5.2 Performance. The Company shall have performed and complied in all material respects with all agreements, obligations and conditions contained in this Agreement that are required to be performed or complied with by it on or before the Closing and shall have obtained all approvals, consents and qualifications necessary to complete the purchase and sale described herein.
5.3 IPO. The Registration Statement shall have been declared effective by the SEC, the Underwriting Agreement shall have been validly executed and delivered by the Company and the underwriters party thereto, the price at which the shares of Class A Common Stock are offered to the public in the Companys IPO shall be equal to the Per Share Purchase Price and the IPO shall have been consummated.
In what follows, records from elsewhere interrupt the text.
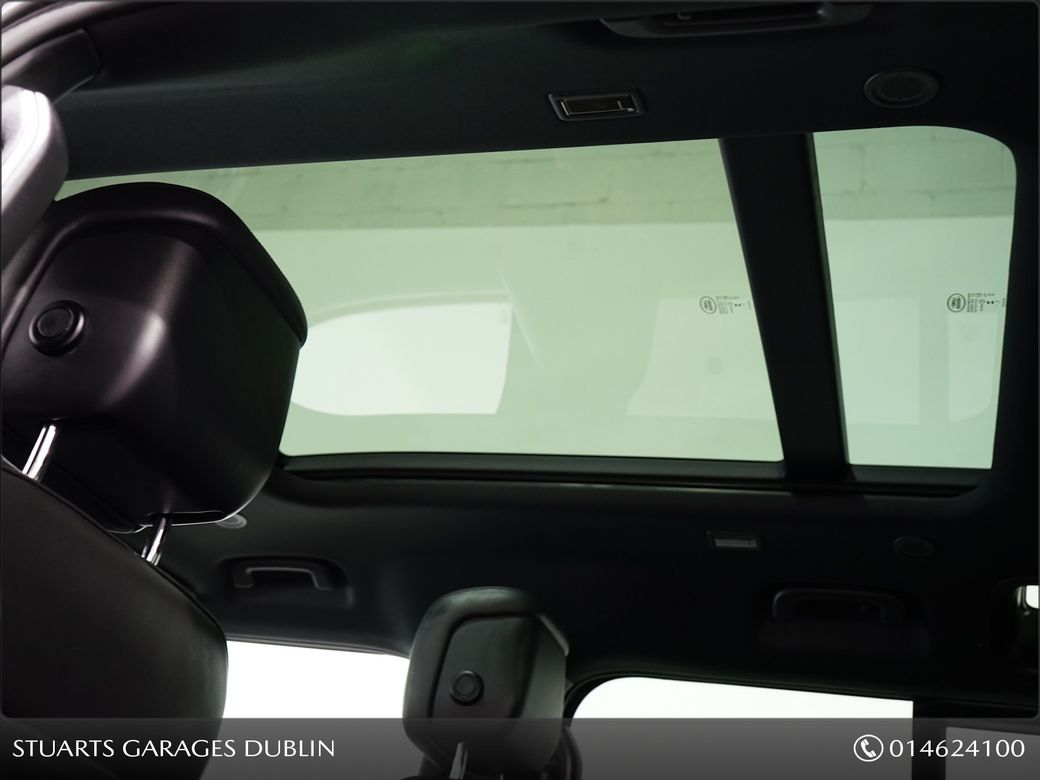 2025 Land Rover Defender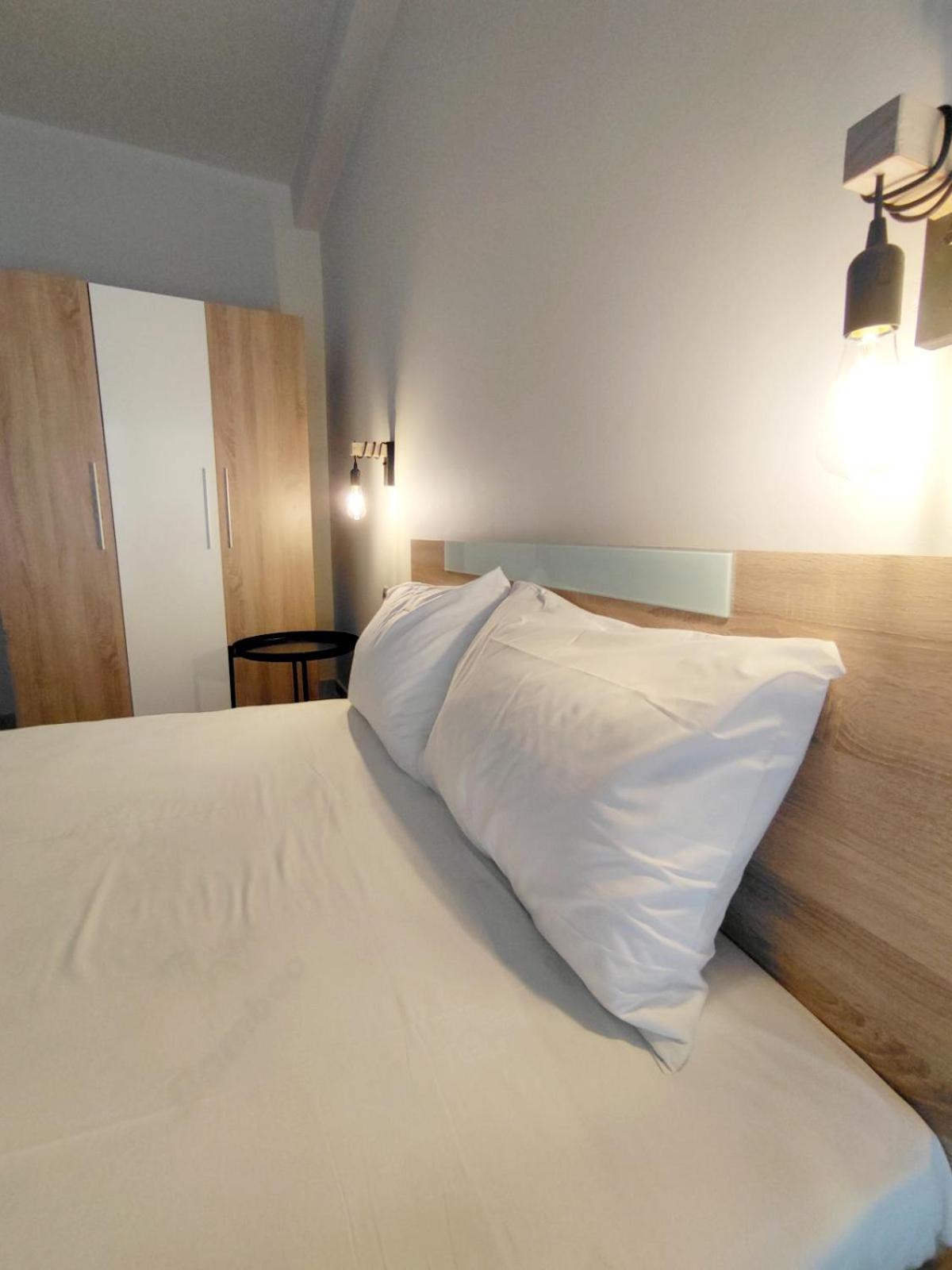 Seaside Luxury Suites By Sarigianni Paralía Екстериор снимка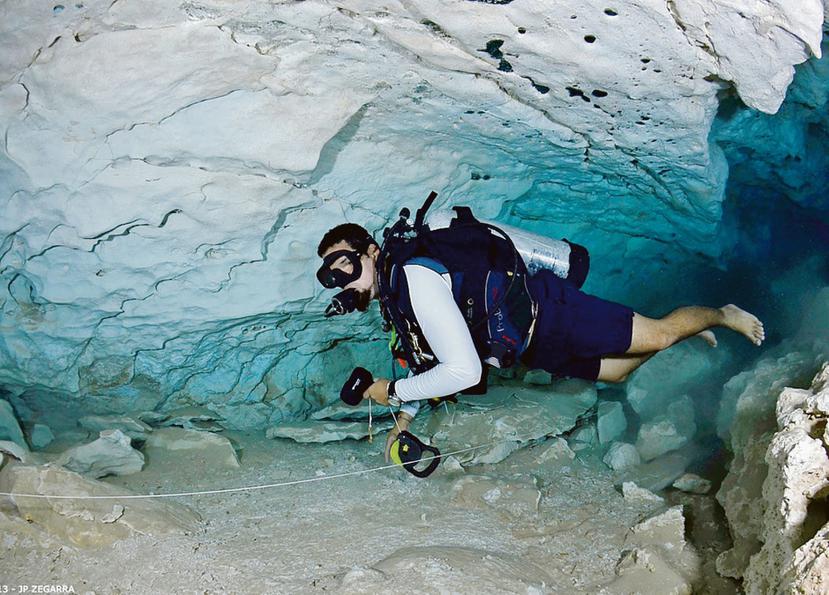 Son varios los  científicos que han explorado y fotografiado la Cueva del Agua en isla de Mona.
5.4 NASDAQ Listing: The Class A Common Stock shall have been approved for listing on the NASDAQ Global Select Market.
5.5 HSR Waiting Period. If applicable, the filings of the Purchaser and the Company pursuant to the HSR Act shall have been made and the applicable waiting period and any extension thereof shall have expired or been terminated.
5.6 Qualifications. All authorizations, approvals, waiting period expirations or terminations, or permits, if any, of any governmental authority or regulatory body of the United States or of any state that are required in connection with the lawful issuance and sale of the Shares pursuant to this Agreement shall be duly obtained and effective as of the Closing, other than (a) the filing pursuant to Regulation D, promulgated under the Securities Act, and (b) the filings required by applicable state blue sky securities laws, rules and regulations.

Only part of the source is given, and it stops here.